Accounts payable internal controls are broken down into three sequential categories:

  1. Your obligation to pay
  2. Data entry into the system
  3. Payment of the debt

AP controls help to streamline operations, mitigate the risk of losses, and organize the labor force. Continuous supervision of these functions is what drives a successful payables team and ensures a clean audit

In accounts payable, there are a few universal truths:

  • AP wants to pay vendor invoices and suppliers on time
  • AP wants to pay accurately

These two efforts are not mutually exclusive. For example, if you rush to pay on time, you might miss something and pay twice. However, if you manually check every line item, your payables might not get there on time.

This is why procurement controls were created. These procedures create a system of checks and balances to reduce duplicate payments, prevent fraud, ensure regulatory compliance, and minimize human error. 

Every accounts payable department has some form of controls in place. However, many could improve their overall efficiency by taking a hard look at their process and identifying areas ripe for development. As AP technology continues to advance, there are certain tasks that can be automated for reduced workload and increased accuracy.

In this article, we examine the three levels of accounts payable internal controls that mid-market companies are using to manage their expenses. At each level, we’ll provide best practices, examine common scenarios, and identify general issues to ensure your payable process runs smoothly and efficiently.

Why You Need Internal Controls

There are several arguments to be made for why a business needs internal AP controls. Best practices are put in place to help:

Minimize Fraud

According to a survey by the AFP Payments Fraud and Control, 82% of organizations were subject to attempted or actual fraud in 2018. This is following a five-year trend of fraudulent activity. 

If external threats are on the rise, this indicates an increased need to shore up AP processes and do everything you can to prepare for that eventuality. 

Mitigate Risk

More control means more eyes and less risk. Sharing responsibility with multiple sources decreases risk. By creating a system of checks and balances within your internal procedures, you automatically decrease exposure.

Increased Accuracy

AP internal controls enable a brand to exercise a higher level of accuracy. This is especially prevalent when you have digitized the AP process and use automated systems. 

Shared Accountability

Applying the appropriate segregation of duties while adding people into the operation means more shared accountability. It means one or two people aren’t walking around, carrying the financial burden of the whole organization.

Supplier Relationships

Paying a bill late is a dynamic issue in business. Not only does it strain supplier relationships, it keeps you from receiving any early payment discounts or benefits.
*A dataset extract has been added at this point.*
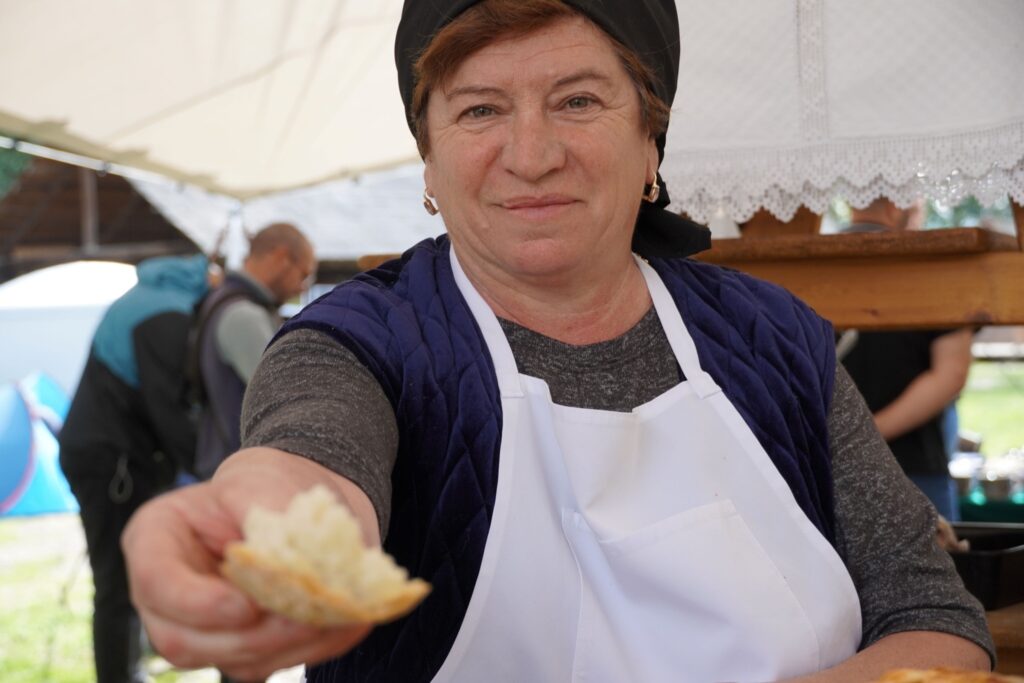 „Pita Lui Dumnezeu”, așa o numește președinta Consiliului Județean Sibiu, pe Maria Ranf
A streamlined process for AP internal controls ensures all vendors are by the due date (if not early). This means no more angry suppliers or missed opportunities for cost savings.

Auditing

The more internal controls in place, the more prepared a company is for auditing. If you have a paper trail rife with duplicate payments, short payments, overpayments, late fees, etc., an audit will not be fun. Procurement controls ensure that whenever you have an audit, no matter who performs it, everything is right there for the picking.
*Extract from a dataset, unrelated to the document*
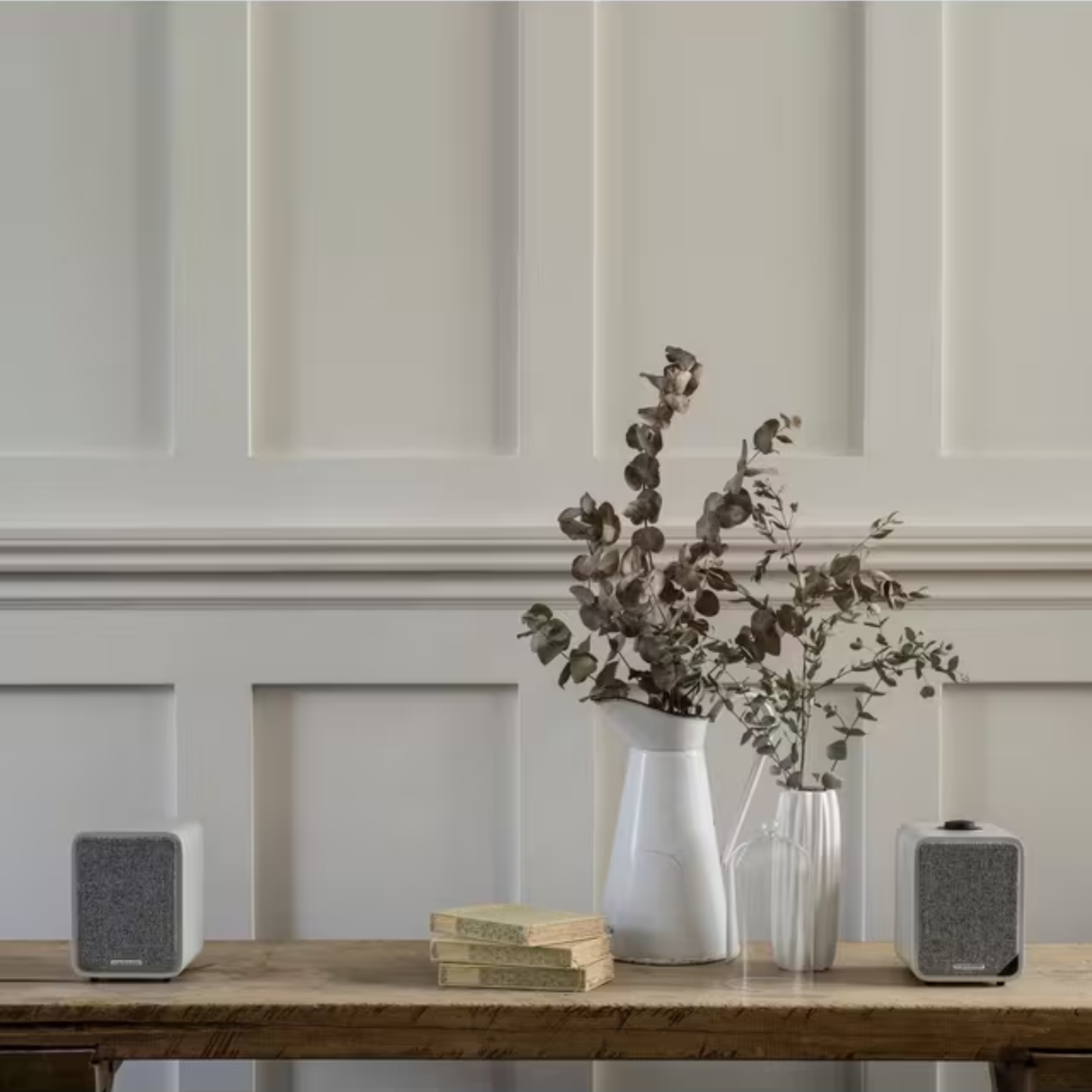 Ruark Audio MR1 MK2- Powered Bookshelf Speaker (Pair) (Soft Grey Lacquer)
Types of Accounts Payable Internal Controls

Obligation to Pay Controls

The first thing to check is that your company owes the debt. It then becomes your obligation to pay. Before cutting a check, there are internal systems that can ensure the debt is truly owed, the goods/services were received, and it’s the correct (and approved) amount. Typically speaking, there are four controls in place for this process:

  1. Approving the invoice
  2. Approving the purchase order
  3. Three-way and four-way matching
  4. Auditing for duplicates

Invoice Approval

The person who is in a position to authorize payment will signify their approval of the supplier invoice. However, this is a weak control if the authorizer has no way to verify if goods were received. How can they approve to pay for anything if they didn’t check the shipment coming in? There should be a receiving report for approval.

Additionally, what if the supplier is charging more than they quoted? How will the person approving the invoice know that either? The approver might also want to know which general ledger account is being charged.

Ideally, you want to have the payables staff first assemble a packet of documents. This should include the supplier invoice, original purchase order, and shipping receipts. The invoice should also be stamped with the account that is to be charged. This way, the approver has everything they need to sign off on the invoice and push it on to get paid.

Purchase Order Approval

For every purchase made, the purchasing department issues a purchase order. They are approving expenditures and preventing others from occurring. This keeps a company from spending out of control and curtails the misappropriation of funds. Since this involves a considerable amount of work by the purchasing staff, they will likely ask employees to request items on a purchase requisition form. 

Three-way Match

This is where the proof of shipping comes in. A payable staff member will match the supplier invoice to the related P.O. and proof of receipt before authorizing the payment. This approach goes above the need for individual invoice approval since it is based on the purchase order requested. 

Three-way matching is better than approving on the P.O. alone as it also verifies the receipt of goods. However, this process can be painfully slow and break down when documents are missing.

Four-way Match

Four-way matching works the same as three-way, but also includes evidence of an inspection report. This process is implemented when a location is using online receiving and inspection to take in goods. In this system, an invoice is matched to the corresponding P.O. for amount and quantity, receiving, and inspection information.

Auditing

This includes a manual duplicate payment search. A computerized program will conduct an automated search to ensure there are no duplicate numbers in the system. When doing this manually, it can be a difficult endeavor for the accounting department.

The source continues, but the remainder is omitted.